Searching Datasets for Analysis

The most common use of the grid for analysis is the submission of jobs to run over input files from the official Belle II data and MC.

The files on the grid are distributed on the available storage sites around the world. Fortunately, as a user you do not have to worry about their physical location. A file catalog keeps a record of where the files are located and you just need to provide a logical identifier for the samples of interest for your analysis.

Datasets and Datablocks

Each file on the grid is located using a Logical File Name (LFN), which always starts with /belle:

/belle/data_type/some_more_directories/dataset/datablock/file.root

When the LFN is provided to any of the gbasf2 tools, a replica is retrieved from catalog in the backend. You only need to provide the LFN(s) relevant for your analysis, without dealing with the physical location of the samples.

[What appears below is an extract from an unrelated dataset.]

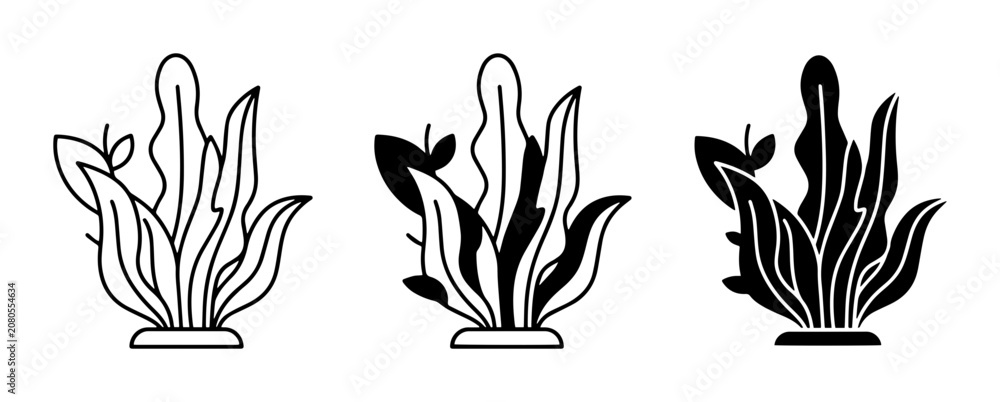 Obraz premium 3 Aquatic Plant Icons, Seaweed Vector Graphics, Underwater Flora Illustrations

Files are collected within datasets, which can be located using a Logical Path Name (LPN):

/belle/data_type/some_more_directories/dataset

A dataset may correspond to a run for an specific experiment number in data, or a MC type in a MC campaign.

By design, a directory on the grid can contain 1000 files at most. For this reason, the concept of a datablock was introduced. Each dataset is subdivided into directories with names subXX, where the last two digits are sequentially iterated when the dataset is expanded to hold more files (sub00, sub01, …).

In gbasf2, the data handling unit is the datablock.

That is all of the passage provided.